Unlike most of the previous teams the Australians were seen at their very best at Lord's. Playing there four times they gained four brilliant victories, defeating - in addition to England - the M.C.C. in June and July, and Middlesex in August. The M. C. C. were not so well represented as they ought to have been, but in as much as they won the toss on both occasions the crushing defeats they suffered were somewhat humiliating. In the return match the Australians were seen to extreme advantage, for though the first day's cricket went all against them they had the game in their hands when stumps were drawn on the second evening. Outside the England and M. C. C. matches the Australians perhaps did nothing better than their wins against Surrey and Cambridge University, their draws with Yorkshire at Bradford, and the victory over the South of England at Hastings with which they brought their tour to a close. In the mere fact of their beating Cambridge there was nothing, but the way in which they won the game after the University had played a first innings of over 400 was astounding.

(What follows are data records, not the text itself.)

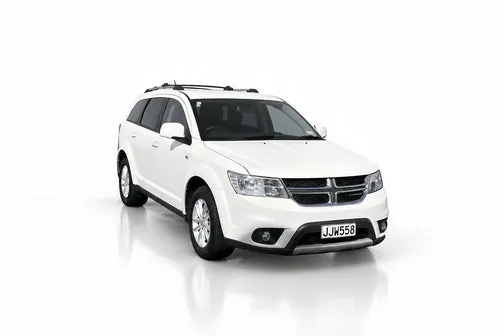 Dodge Journey
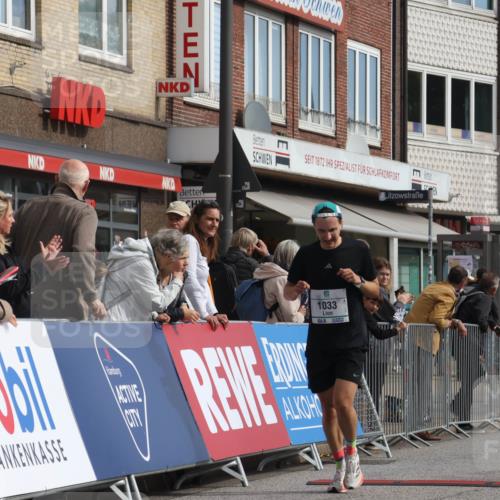 15.09.2024 - PSD Bank Halbmarathon Michael Strokosch http://msf.ph/oto/7085642 15.09.2024 11:24:49 Ziel 1033, 1075 meine-sportfotos.de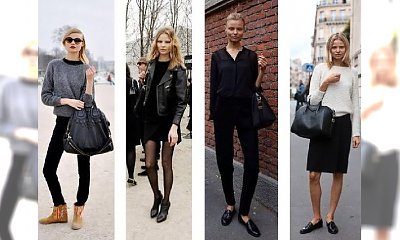 Ubierz się jak topmodelka Magdalena Frąckowiak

To my thinking the one weakness of the Australians was their inability on so many occasions to actually win within the space of three days against opponents far inferior to themselves. Leaving that one point aside they formed as fine a combination as one could wish to see got together for touring purposes. In picking the side not a single mistake had been committed, every man sooner or later during the trip proving worthy of his place. In saying this I might be tempted to leave out Johns, but, as a matter of fact, the Victorian wicket keeper was afforded so few opportunities that it would be quite unfair to describe him as a failure. Inasmuch as he come here as representative cricketer and by no means as a mere understudy for Kelly, I think he ought to have been played more often, though by reason alone of his great inferiority as a batsman he had no claim to be chosen in the Test matches. Except as regards the management of his wicket keepers Darling proved himself one of the very best captains that ever took a team into the field. In following Harry Trott he was of necessity judged by the highest standard, and it is only the truth to say that he exceeded all anticipations. He placed the field with the nicest skill according to the peculiarities of different batsman, and like Trott he showed a perfect genius for changing his bowling, always seeing to put the right bowler on at the right time and at the proper end. The way in which he utilised Jones's pace was in itself sufficient to prove him a great leader.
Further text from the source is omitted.